*** Task data Section Begins ***

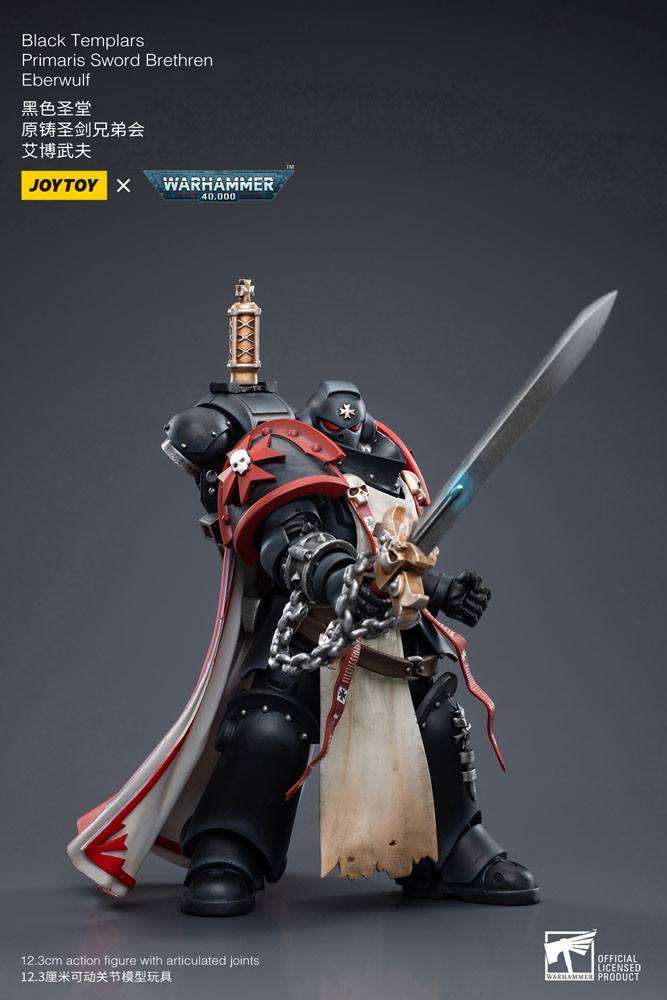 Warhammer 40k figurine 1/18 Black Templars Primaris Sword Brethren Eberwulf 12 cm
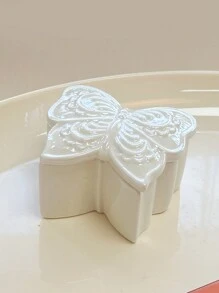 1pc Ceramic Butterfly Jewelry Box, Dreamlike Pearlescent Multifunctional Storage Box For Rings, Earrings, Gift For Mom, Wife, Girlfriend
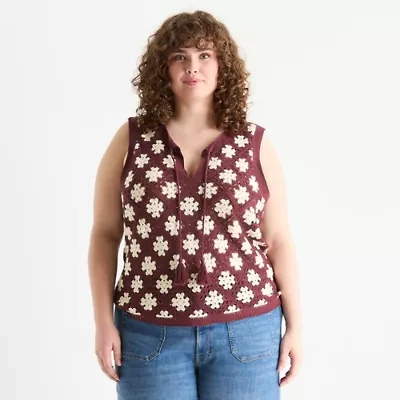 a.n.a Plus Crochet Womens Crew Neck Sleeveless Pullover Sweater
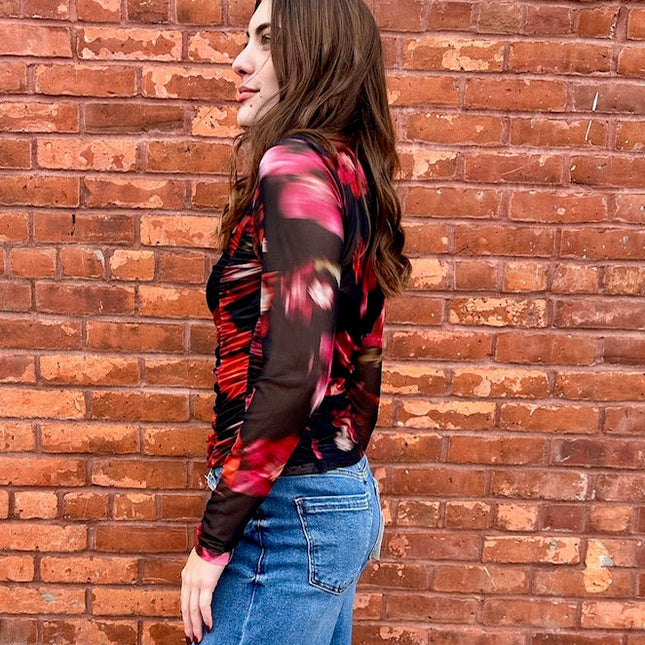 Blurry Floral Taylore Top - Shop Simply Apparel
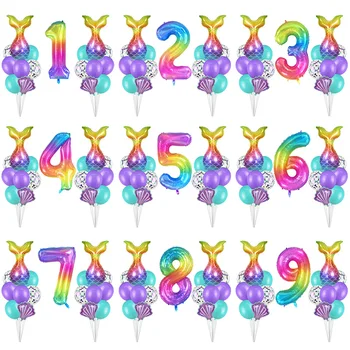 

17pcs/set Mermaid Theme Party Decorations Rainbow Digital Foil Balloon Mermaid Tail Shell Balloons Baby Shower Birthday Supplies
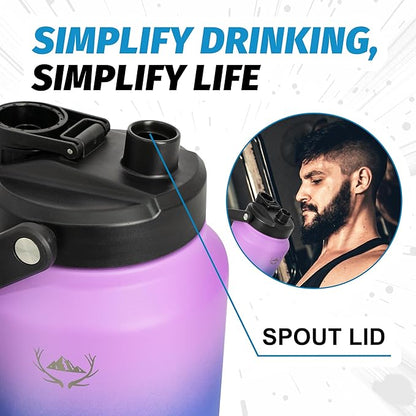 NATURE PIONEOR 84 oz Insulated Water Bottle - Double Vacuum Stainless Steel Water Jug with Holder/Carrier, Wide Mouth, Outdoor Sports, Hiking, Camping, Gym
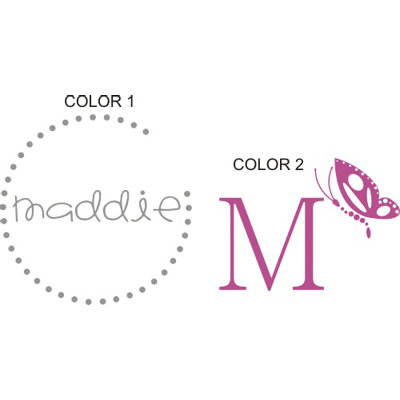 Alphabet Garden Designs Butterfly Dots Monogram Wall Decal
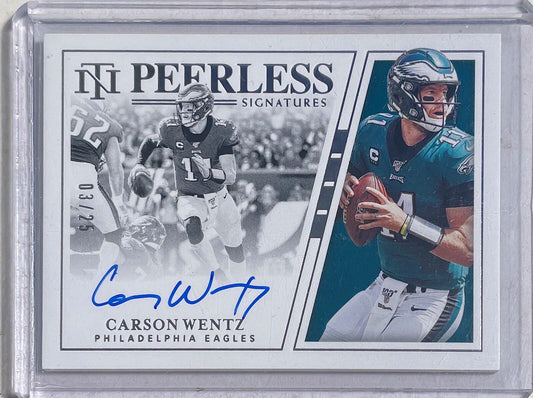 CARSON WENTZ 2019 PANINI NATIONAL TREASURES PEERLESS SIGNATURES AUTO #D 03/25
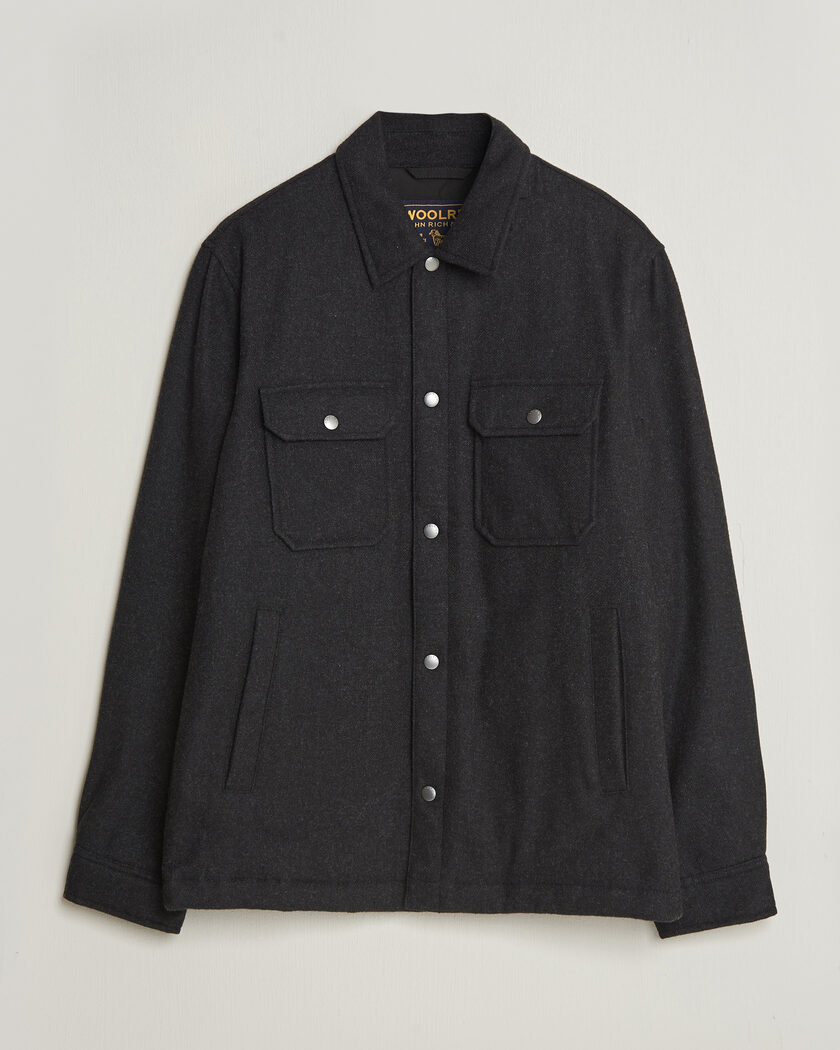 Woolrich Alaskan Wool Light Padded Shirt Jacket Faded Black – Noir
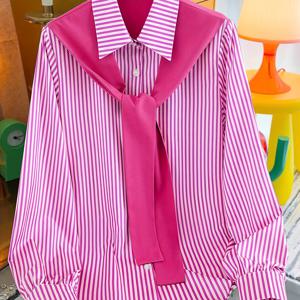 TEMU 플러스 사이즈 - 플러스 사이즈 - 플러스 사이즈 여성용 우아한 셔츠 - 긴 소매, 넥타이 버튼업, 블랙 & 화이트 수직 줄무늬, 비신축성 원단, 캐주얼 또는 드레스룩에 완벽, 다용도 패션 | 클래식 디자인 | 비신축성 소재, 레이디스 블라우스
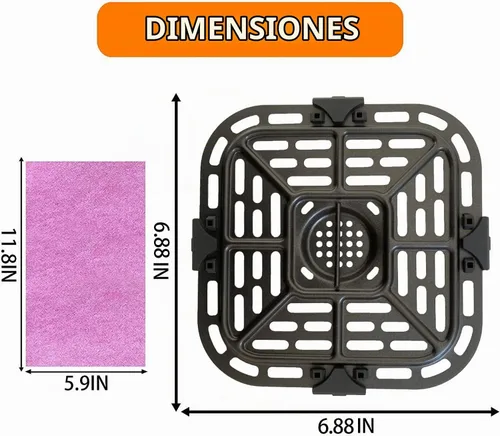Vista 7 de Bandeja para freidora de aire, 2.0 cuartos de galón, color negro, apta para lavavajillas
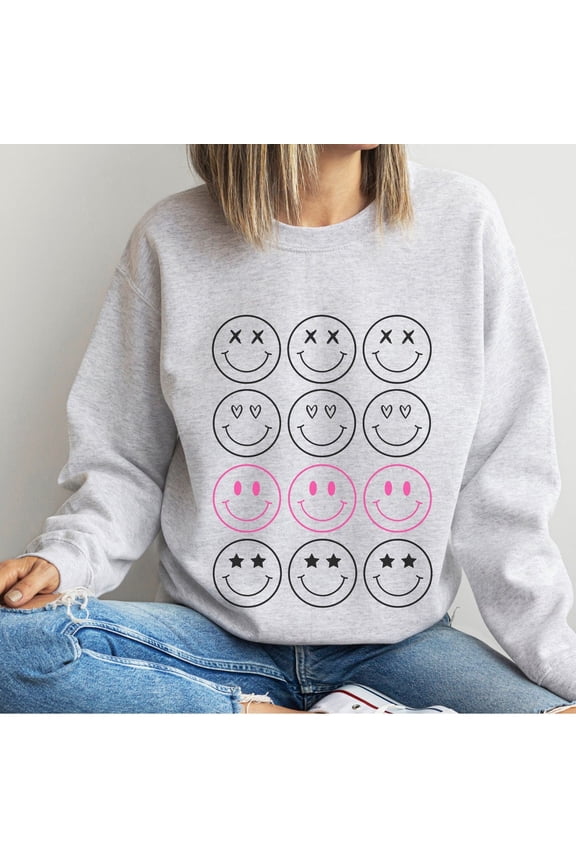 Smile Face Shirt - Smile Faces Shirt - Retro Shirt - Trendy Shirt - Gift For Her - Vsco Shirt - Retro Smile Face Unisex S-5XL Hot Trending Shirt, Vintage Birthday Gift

*** Task data Section Ends ***
*** Task data Section Begins ***

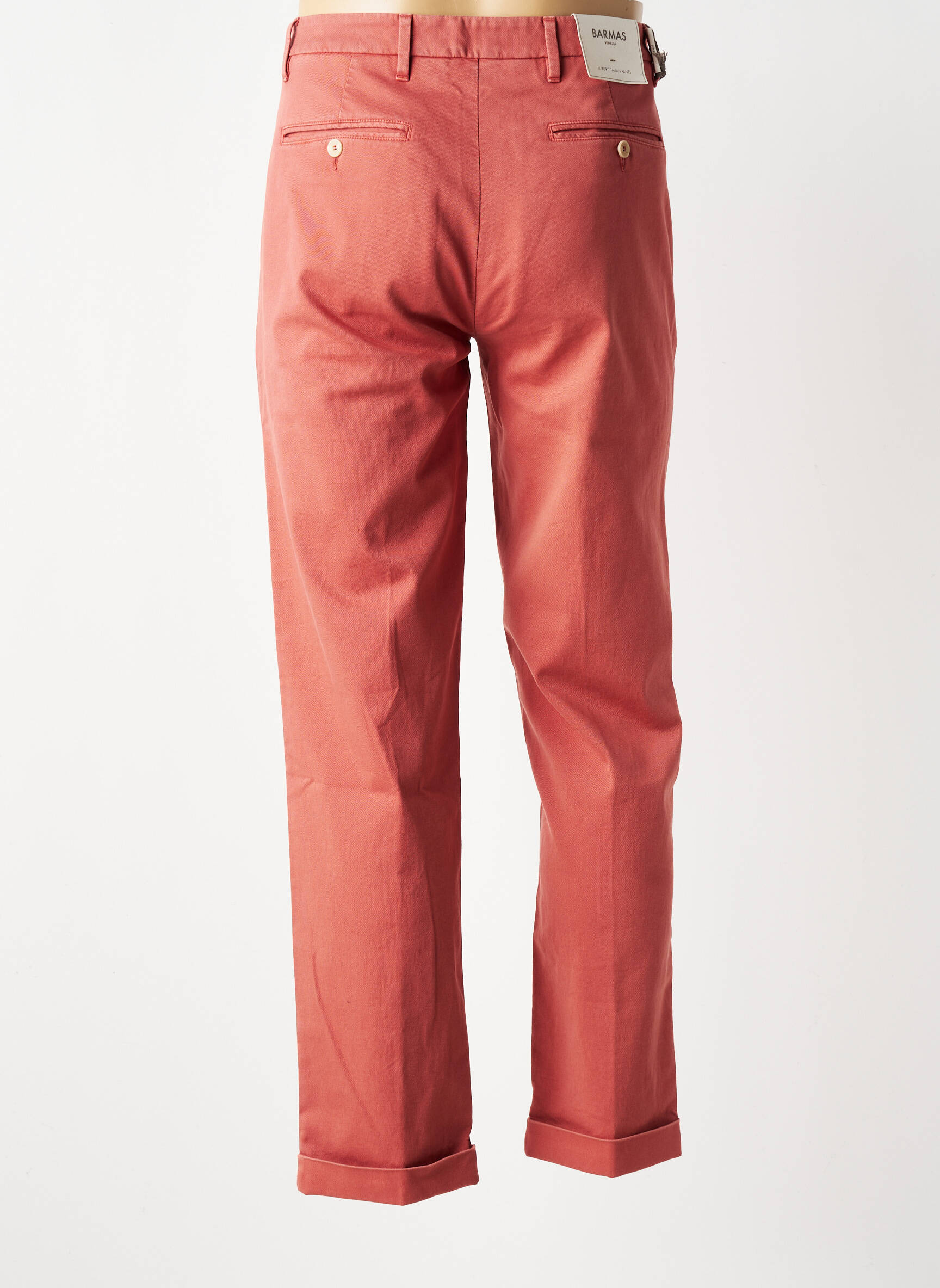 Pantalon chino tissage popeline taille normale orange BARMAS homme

*** Task data Section Ends ***

Look through the material above. Transcribe exactly the lines between the ones with "Warhammer 40k figurine" and "Blurry Floral Taylore", inclusive, and keep pictures out.

 Warhammer 40k figurine 1/18 Black Templars Primaris Sword Brethren Eberwulf 12 cm
 1pc Ceramic Butterfly Jewelry Box, Dreamlike Pearlescent Multifunctional Storage Box For Rings, Earrings, Gift For Mom, Wife, Girlfriend
 a.n.a Plus Crochet Womens Crew Neck Sleeveless Pullover Sweater
 Blurry Floral Taylore Top - Shop Simply Apparel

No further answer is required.